If that sounds like a lot to you, it is. But Corsair is encouraging potential buyers to scrap aging machines for parts or upgrade the Bulldog’s internal components over time to reduce the upfront cost.
The Bulldog, like its namesake, is squat, powerfully built and can pack in some serious muscle if you know what you’re doing.
Its red and black custom chassis is larger than the Steam Machines that are destined to grace living rooms later this year, but even so it’s far less conspicuous than a full-size desktop. It’s a heck of a lot quieter too, thanks to the vents that encircle the case and the liquid cooling system that’s running inside.
Best of all, storage space will never an issue. You can easily fit one 3.5-inch HDD and one SSD or three SSDs inside the storage bay without running into any issues.
But its whisper-quiet noise output, mini-ITX form factor and potential 4K capabilities don’t come without compromise: the Bulldog isn’t exactly petite. It’s larger than any other game console or Steam Machine, and requires a relatively open space to push warm air into.
And again, it’s worth noting that the Bulldog isn’t a complete system on its own – you’ll need to supply your own CPU, RAM, GPU and storage.
Features and performance
For its size, there’s a lot of room inside the case to work. Airflow was a major focus for Corsair, and veteran builders will appreciate the added effect of having parts of the case easily accessible.
The Bulldog’s moddability is its secret weapon. Because other Steam Machine systems come with preconfigured parts, there’s no way to upgrade them down the road. Bulldog is different in the sense that at any time you can swap out an old component for a quick tune-up or drop in extra parts from a spare rig.
In terms of performance, I saw the Bulldog steamroll its way through The Witcher 3 on almost all of its settings set to ultra, before deft-handedly taking on GTA5’s grueling benchmark test in 4K. The latter had a bit of pop-in and some screen tearing, I noticed, but I chalked that up to the fact that G-Sync was turned off.
Ultimately however, performance will come down to the parts you can spare or are willing to invest in. The upside of creating a massively powerful gaming rig in the living room is that it can easily process Ultra-HD video from Netflix or YouTube, once more content starts coming down the pipeline in the coming year or two.
Check out Lapdog, dawg
Bulldog isn’t the only dog in Corsair’s kennel.
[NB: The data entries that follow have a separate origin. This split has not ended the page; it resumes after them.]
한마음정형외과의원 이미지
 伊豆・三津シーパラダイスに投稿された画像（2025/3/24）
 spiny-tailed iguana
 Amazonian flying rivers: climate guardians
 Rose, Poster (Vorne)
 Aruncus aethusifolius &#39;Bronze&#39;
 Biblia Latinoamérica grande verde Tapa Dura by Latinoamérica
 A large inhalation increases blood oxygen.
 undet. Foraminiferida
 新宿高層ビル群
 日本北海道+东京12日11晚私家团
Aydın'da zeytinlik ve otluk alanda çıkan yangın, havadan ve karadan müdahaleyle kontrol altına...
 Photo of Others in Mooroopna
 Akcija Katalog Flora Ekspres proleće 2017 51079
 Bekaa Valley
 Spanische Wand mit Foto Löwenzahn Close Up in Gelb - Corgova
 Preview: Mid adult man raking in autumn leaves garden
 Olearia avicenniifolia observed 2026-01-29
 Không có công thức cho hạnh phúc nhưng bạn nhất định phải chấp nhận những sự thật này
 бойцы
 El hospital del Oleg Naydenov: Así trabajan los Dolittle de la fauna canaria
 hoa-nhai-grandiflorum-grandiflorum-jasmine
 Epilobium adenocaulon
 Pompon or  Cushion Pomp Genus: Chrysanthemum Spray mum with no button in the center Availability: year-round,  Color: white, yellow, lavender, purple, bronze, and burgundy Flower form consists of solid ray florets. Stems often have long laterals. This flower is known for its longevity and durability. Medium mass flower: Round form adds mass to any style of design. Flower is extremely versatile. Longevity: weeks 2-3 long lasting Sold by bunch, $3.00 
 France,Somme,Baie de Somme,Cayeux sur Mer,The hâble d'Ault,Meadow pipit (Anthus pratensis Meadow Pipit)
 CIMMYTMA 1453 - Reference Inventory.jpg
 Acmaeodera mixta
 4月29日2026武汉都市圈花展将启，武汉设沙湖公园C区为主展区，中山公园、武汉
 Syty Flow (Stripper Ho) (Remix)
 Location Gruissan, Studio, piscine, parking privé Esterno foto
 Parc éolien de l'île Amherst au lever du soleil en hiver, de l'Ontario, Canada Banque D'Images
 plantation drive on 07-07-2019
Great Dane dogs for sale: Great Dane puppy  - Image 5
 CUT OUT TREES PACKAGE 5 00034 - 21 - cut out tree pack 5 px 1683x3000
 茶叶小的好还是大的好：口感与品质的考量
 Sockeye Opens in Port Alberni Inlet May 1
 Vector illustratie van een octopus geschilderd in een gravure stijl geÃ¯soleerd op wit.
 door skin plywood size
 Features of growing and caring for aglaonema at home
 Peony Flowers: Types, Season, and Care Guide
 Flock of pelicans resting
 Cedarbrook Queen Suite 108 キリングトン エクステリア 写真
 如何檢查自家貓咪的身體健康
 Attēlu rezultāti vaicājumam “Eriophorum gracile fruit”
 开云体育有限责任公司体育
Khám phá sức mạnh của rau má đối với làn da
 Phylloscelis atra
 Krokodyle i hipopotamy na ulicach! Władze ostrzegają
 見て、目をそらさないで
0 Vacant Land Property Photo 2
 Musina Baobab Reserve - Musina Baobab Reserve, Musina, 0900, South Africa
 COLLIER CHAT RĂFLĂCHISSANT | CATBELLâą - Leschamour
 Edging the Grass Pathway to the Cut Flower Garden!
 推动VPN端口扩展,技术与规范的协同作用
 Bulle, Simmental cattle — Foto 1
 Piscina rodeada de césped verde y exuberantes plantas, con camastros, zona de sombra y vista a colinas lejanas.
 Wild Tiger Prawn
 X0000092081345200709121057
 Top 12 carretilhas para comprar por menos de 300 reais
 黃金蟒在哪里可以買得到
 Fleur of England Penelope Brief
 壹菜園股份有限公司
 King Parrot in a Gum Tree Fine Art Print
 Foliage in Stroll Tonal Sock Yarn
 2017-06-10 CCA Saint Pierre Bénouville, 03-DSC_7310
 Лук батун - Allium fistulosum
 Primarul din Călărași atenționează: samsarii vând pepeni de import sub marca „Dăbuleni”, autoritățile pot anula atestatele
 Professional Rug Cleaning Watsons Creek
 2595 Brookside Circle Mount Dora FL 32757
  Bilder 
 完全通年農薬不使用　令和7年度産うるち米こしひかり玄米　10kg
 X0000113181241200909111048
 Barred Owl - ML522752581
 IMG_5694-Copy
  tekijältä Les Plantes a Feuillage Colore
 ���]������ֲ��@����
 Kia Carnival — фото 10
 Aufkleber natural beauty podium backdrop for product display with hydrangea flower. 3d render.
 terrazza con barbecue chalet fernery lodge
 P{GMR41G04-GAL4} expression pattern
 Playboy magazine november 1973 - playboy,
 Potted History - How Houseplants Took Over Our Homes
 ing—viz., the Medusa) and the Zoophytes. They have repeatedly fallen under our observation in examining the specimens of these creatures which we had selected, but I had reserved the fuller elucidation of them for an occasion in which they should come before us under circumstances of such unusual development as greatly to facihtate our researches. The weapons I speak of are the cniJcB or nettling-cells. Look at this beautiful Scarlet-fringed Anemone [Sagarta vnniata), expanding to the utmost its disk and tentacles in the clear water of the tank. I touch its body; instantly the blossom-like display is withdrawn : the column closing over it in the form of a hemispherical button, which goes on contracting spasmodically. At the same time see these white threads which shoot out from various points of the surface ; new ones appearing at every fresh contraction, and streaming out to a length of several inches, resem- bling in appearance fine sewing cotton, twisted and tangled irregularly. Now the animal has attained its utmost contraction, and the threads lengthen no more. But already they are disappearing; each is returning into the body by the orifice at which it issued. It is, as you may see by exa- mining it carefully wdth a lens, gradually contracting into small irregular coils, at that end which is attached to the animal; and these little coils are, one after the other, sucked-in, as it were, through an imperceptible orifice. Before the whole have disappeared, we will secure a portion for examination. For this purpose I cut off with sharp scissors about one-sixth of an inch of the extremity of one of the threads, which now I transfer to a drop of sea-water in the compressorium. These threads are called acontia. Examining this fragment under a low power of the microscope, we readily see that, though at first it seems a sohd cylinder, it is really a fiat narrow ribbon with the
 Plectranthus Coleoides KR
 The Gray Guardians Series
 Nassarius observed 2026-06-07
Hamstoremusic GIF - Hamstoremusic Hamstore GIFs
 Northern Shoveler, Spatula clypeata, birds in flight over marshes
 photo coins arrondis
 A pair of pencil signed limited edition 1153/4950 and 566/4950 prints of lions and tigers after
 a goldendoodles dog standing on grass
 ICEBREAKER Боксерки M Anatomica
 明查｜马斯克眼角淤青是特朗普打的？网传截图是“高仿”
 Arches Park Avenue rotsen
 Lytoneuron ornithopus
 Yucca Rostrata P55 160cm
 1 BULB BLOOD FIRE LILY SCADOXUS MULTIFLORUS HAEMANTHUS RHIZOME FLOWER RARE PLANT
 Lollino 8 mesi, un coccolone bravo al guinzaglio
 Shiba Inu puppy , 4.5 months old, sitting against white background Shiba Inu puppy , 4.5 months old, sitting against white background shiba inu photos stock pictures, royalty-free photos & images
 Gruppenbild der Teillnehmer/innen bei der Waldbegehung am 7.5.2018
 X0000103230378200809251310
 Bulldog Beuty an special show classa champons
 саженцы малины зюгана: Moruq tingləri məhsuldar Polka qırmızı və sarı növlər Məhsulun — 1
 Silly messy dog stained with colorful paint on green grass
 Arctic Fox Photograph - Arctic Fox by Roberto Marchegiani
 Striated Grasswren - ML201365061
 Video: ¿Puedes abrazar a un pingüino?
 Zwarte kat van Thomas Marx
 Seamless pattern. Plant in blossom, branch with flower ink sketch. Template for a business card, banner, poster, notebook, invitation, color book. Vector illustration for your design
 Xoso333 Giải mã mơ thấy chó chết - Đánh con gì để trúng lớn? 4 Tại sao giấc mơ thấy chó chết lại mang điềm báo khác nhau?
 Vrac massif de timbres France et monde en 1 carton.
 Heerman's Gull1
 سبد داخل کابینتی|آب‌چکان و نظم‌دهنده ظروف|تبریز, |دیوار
Similar to the Roccat Sova, Corsair’s Lapdog is a lap desk that supports a tenkeyless keyboard and any USB mouse and connects via a 15-foot braided USB cable to the Bulldog.
It’s designed to be sturdy enough to withstand the force you exert by typing and moving the mouse without falling off your lap, but not overly burdensome that it feels like a 20-pound weight is on your legs.
Corsair doesn’t have an exact release date for the Lapdog, but is targeting a price of around $89 (about £60, AU$115).
With Steam Machines stuck in limbo while Valve puts the finishing touches on SteamOS, Corsair’s Bulldog is primed to steal a spot in gamers’ living rooms. An intelligently designed chassis and even smarter cooling systems keep the Bulldog running quiet, while its miniature PSU has the capacity to fuel all but the hungriest of GPUs.